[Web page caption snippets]

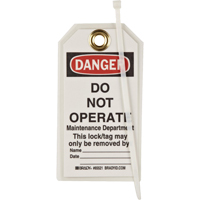 Lockout Tags, Plastic, 3" W x 5-1/2" H, English Planification Entrepots Molloy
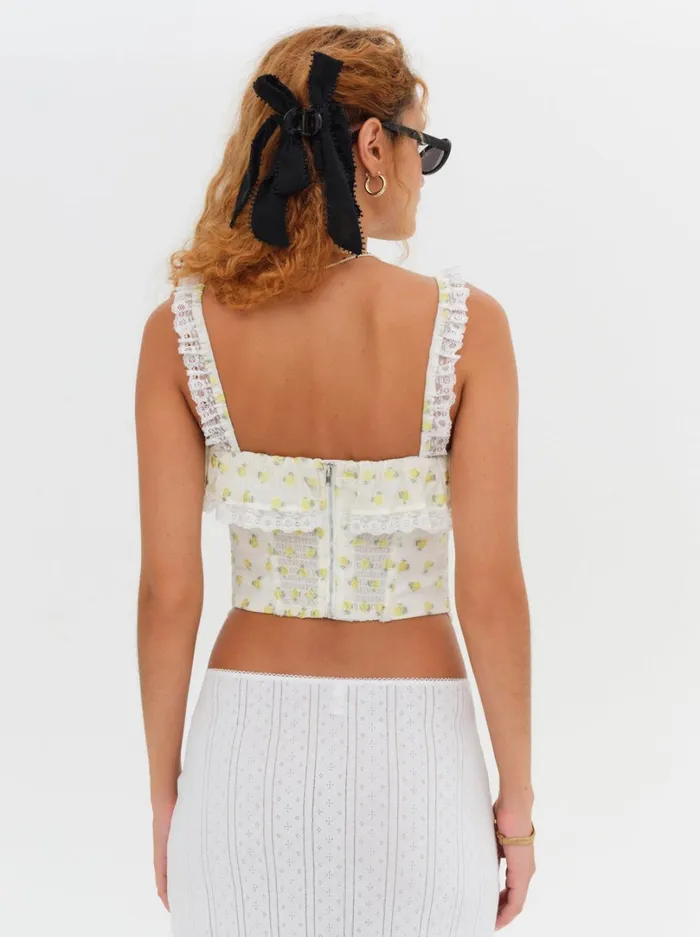 Women Melanie Corset Top Yellow For Love and Lemons Tops Women Melanie Corset Top Yellow For Love and Lemons Tops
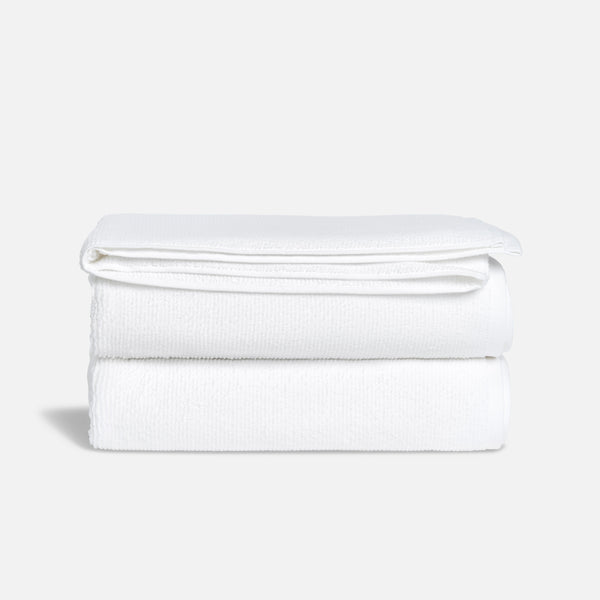Organic Ribbed Bath Sheets Brooklinen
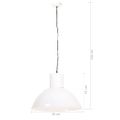 vidaXL Závesná lampa 25 W, biela, okrúhla 48 cm E27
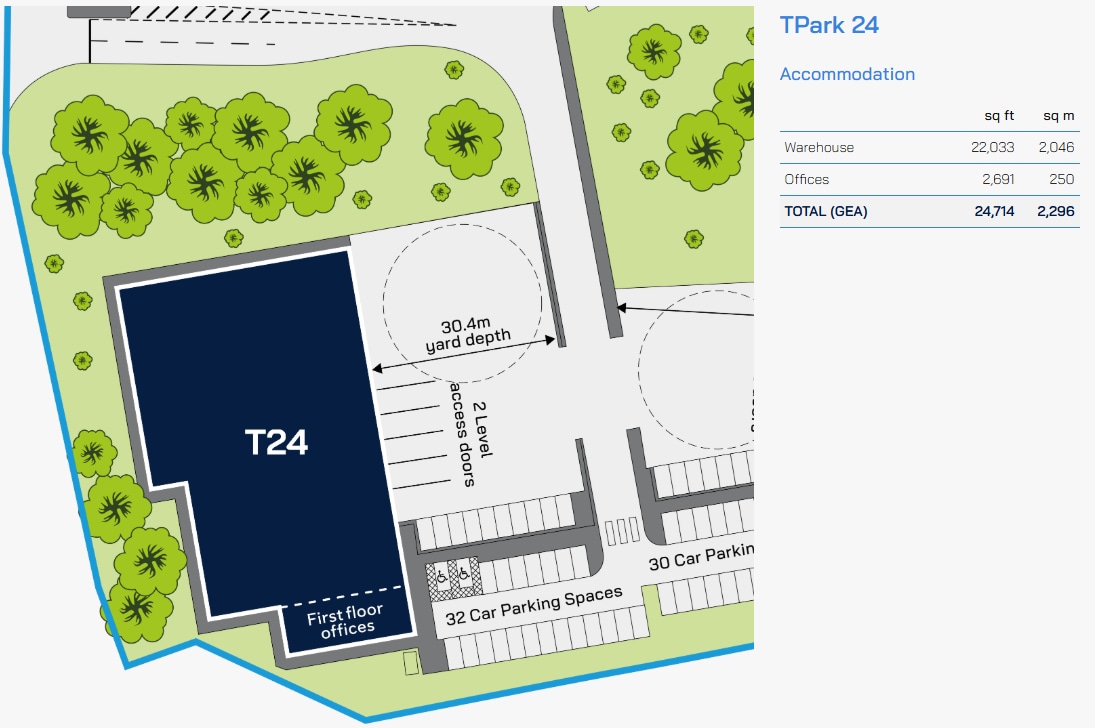 Salisbury Rd, Calmore for lease Site Plan- Image 1 of 1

§ **Your goal**: The copy you produce must repeat all the entries exactly and contain no pictures.

§ **Finished exercise**:
 Lockout Tags, Plastic, 3" W x 5-1/2" H, English Planification Entrepots Molloy
 Women Melanie Corset Top Yellow For Love and Lemons Tops Women Melanie Corset Top Yellow For Love and Lemons Tops
Organic Ribbed Bath Sheets Brooklinen
 vidaXL Závesná lampa 25 W, biela, okrúhla 48 cm E27
 Salisbury Rd, Calmore for lease Site Plan- Image 1 of 1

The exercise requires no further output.